(INFORMATION GIVEN Opens)

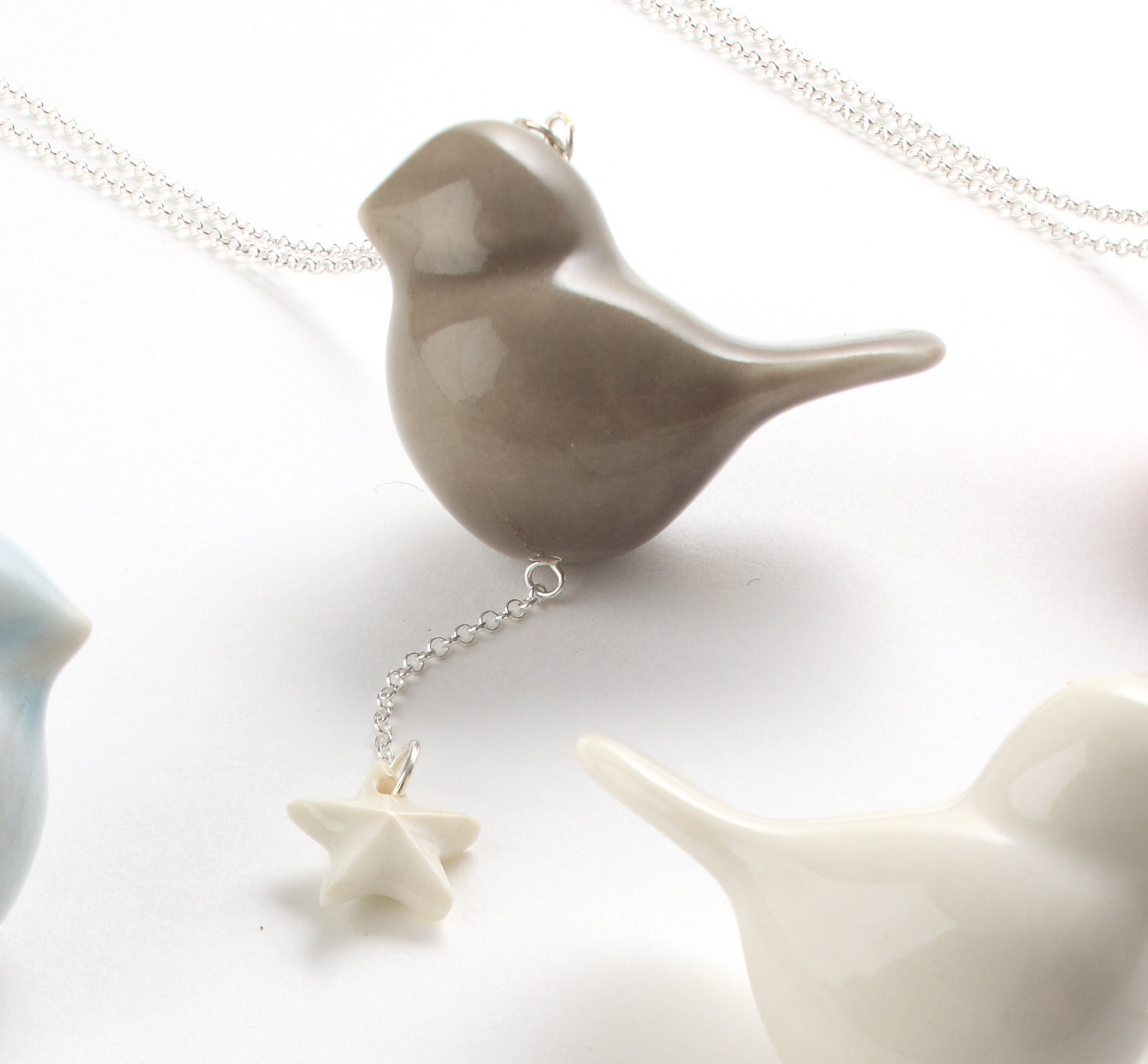 Porcelain and silver bird necklace, grey bird with white star.
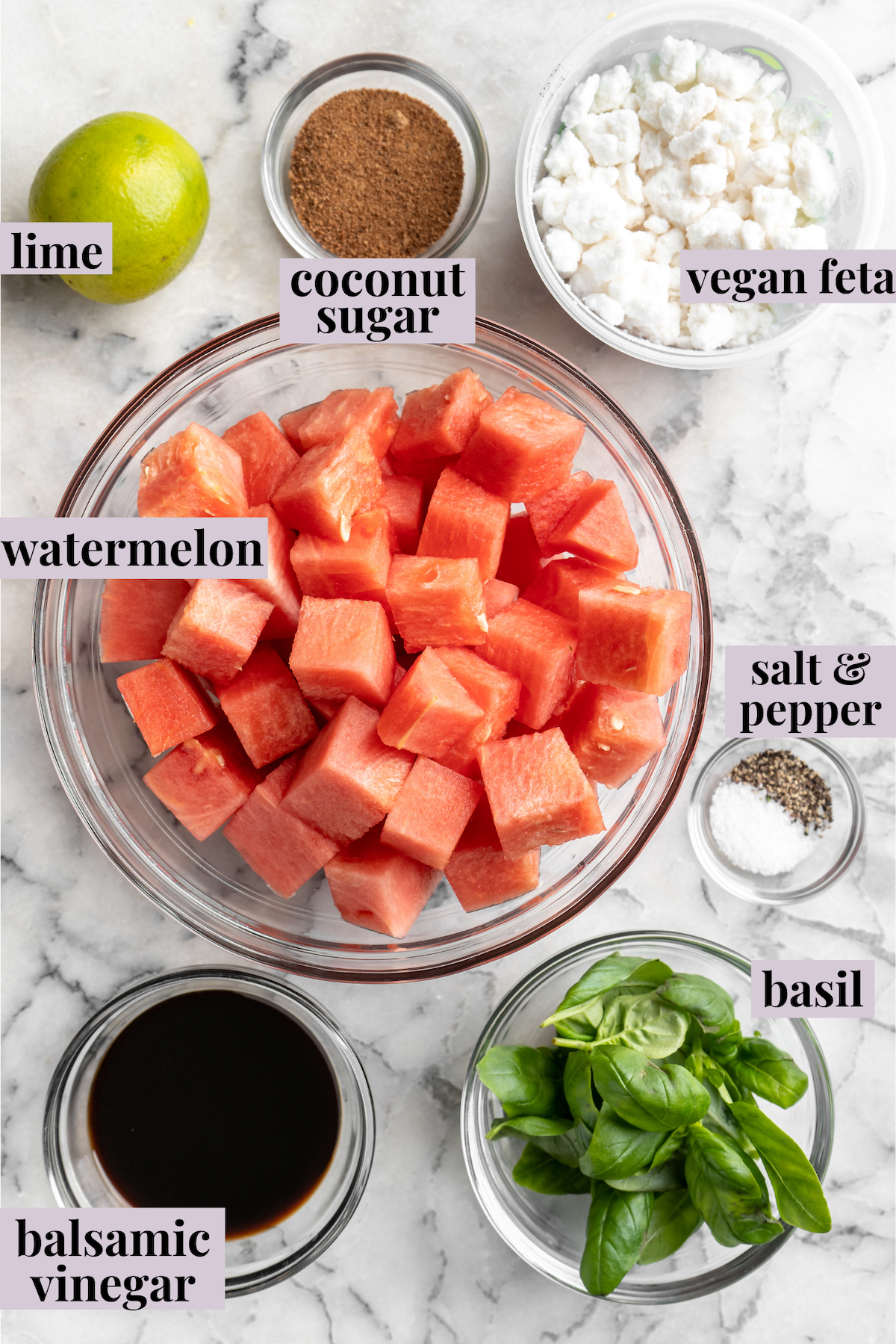 Overhead view of ingredients for vegan watermelon feta salad with labels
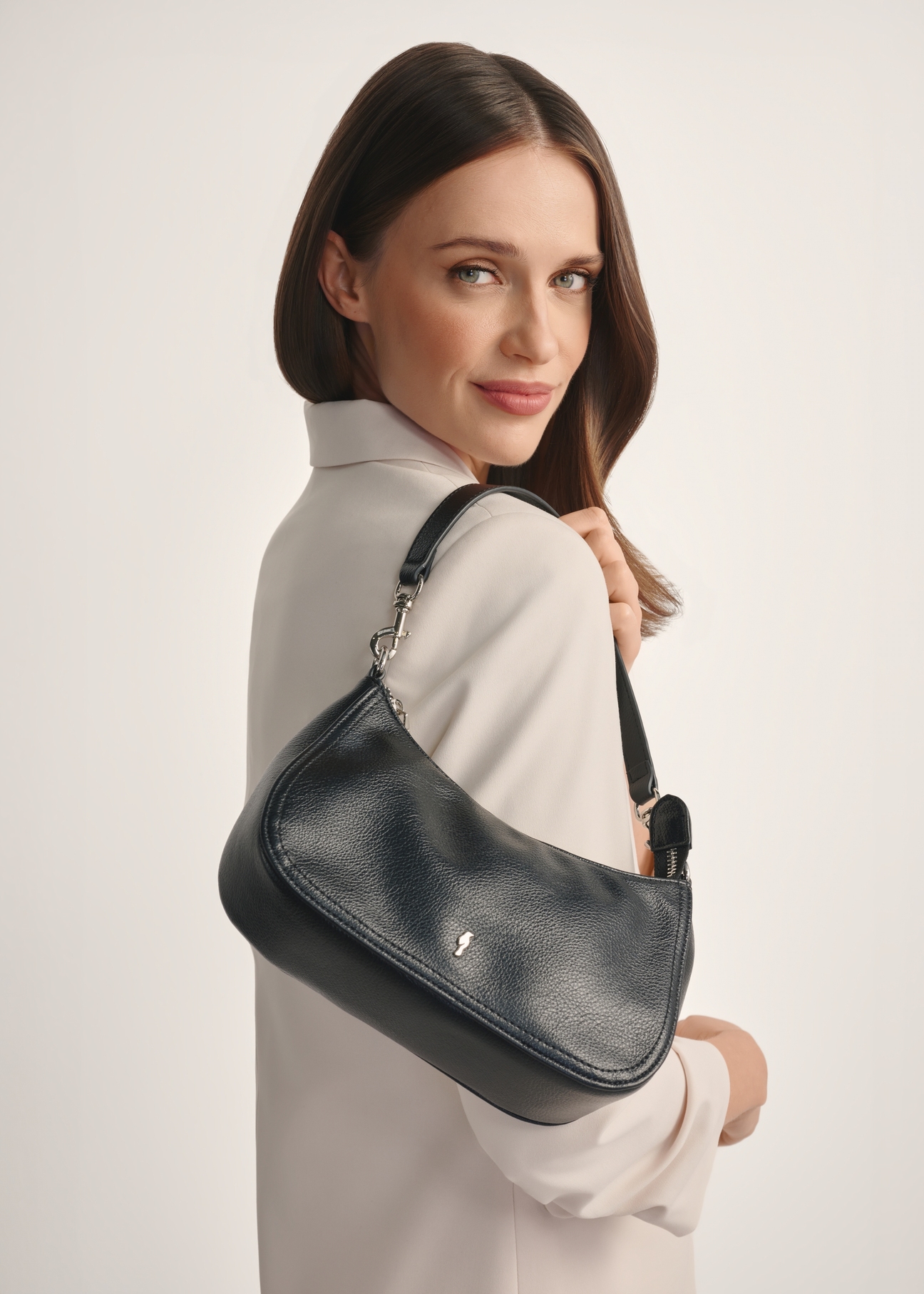 Small black women's handbag TOREC-1134-99(W26) - front view of the product, on a model, against a white background. Half of the silhouette visible.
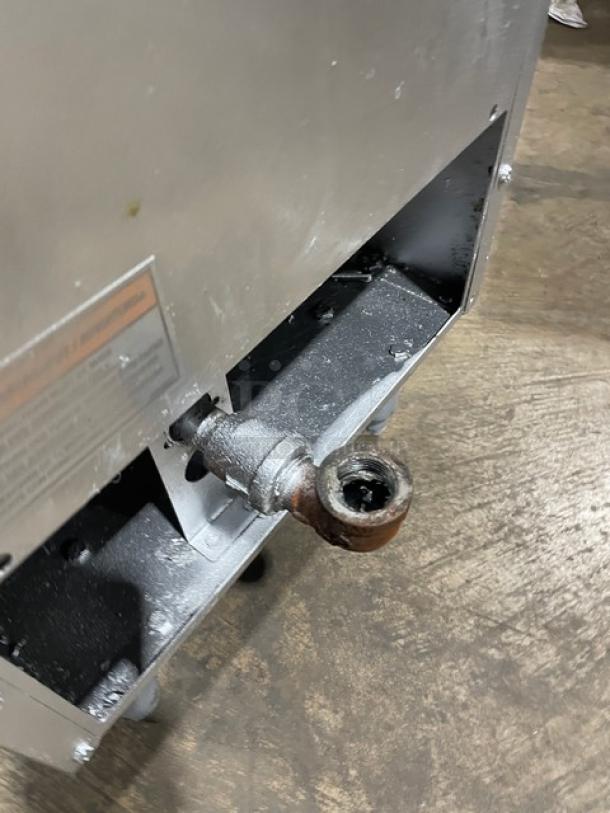 Anets SLG40 stainless steel natural gas fryer, 40 lb. capacity, with backsplash and frying basket, on legs, used condition.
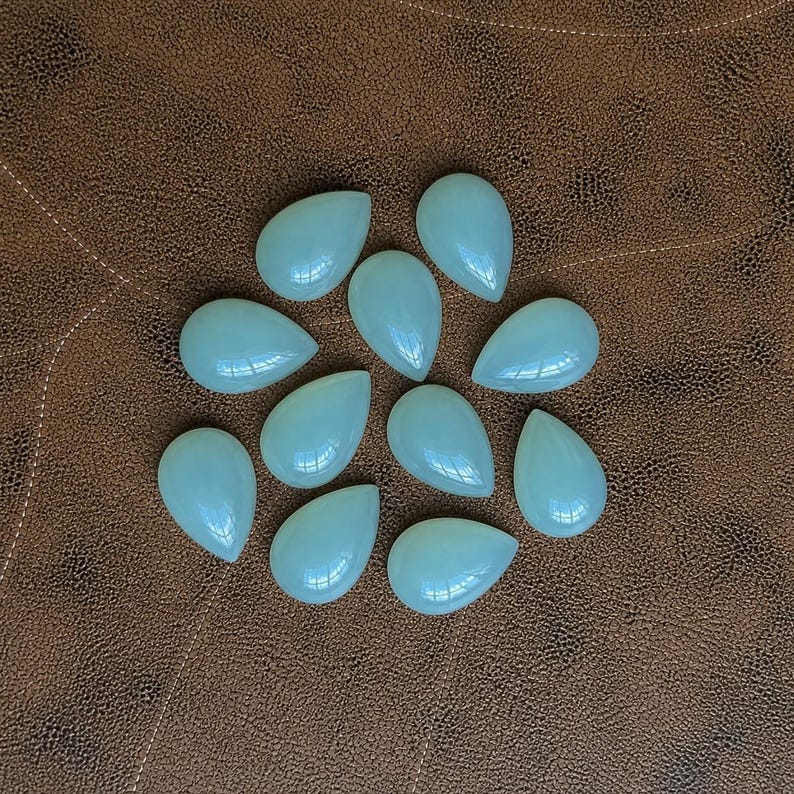 Pu&ograve; includere: Una collezione di dieci gemme a forma di goccia di colore azzurro pallido. Le pietre lucide sono disposte su una superficie marrone simile alla pelle. Le gemme hanno una finitura liscia e lucida e riflettono la luce.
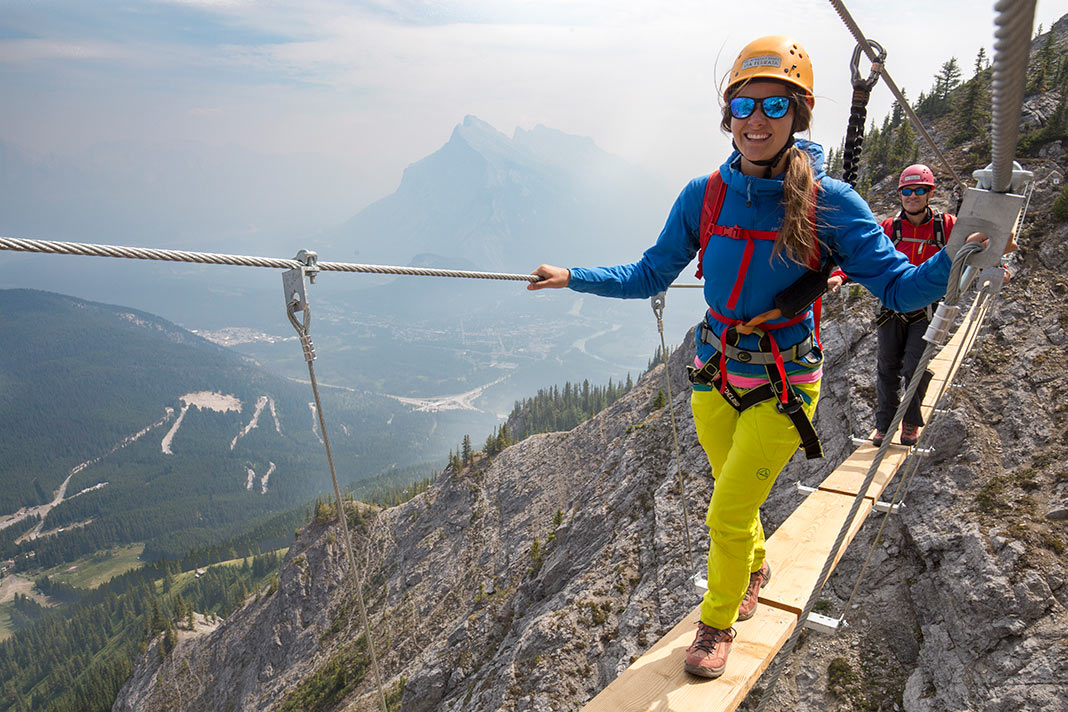 A rock climber walks on a plank bridge overlooking the mountains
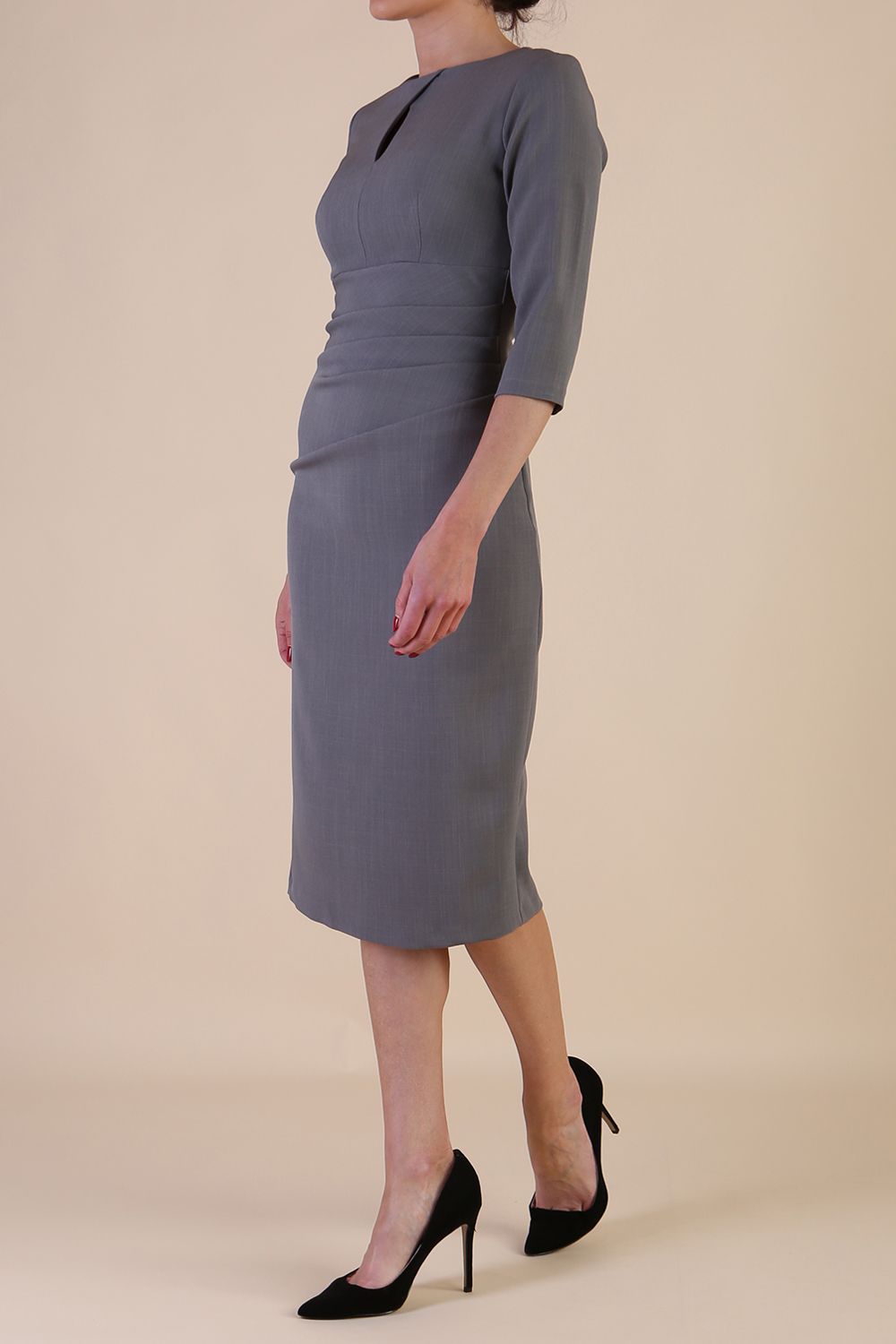 model is wearing the Diva Catwalk Ubrique pencil dress with Long sleeves and keyhole detail in Castlerock Grey fabric colour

(INFORMATION GIVEN Closes)

# EXERCISE
Print the data again, word for word, without any pictures.

# REPLY TO THE TASK
 Porcelain and silver bird necklace, grey bird with white star.
 Overhead view of ingredients for vegan watermelon feta salad with labels
 Small black women's handbag TOREC-1134-99(W26) - front view of the product, on a model, against a white background. Half of the silhouette visible.
 Anets SLG40 stainless steel natural gas fryer, 40 lb. capacity, with backsplash and frying basket, on legs, used condition.
 Pu&ograve; includere: Una collezione di dieci gemme a forma di goccia di colore azzurro pallido. Le pietre lucide sono disposte su una superficie marrone simile alla pelle. Le gemme hanno una finitura liscia e lucida e riflettono la luce.
 A rock climber walks on a plank bridge overlooking the mountains
 model is wearing the Diva Catwalk Ubrique pencil dress with Long sleeves and keyhole detail in Castlerock Grey fabric colour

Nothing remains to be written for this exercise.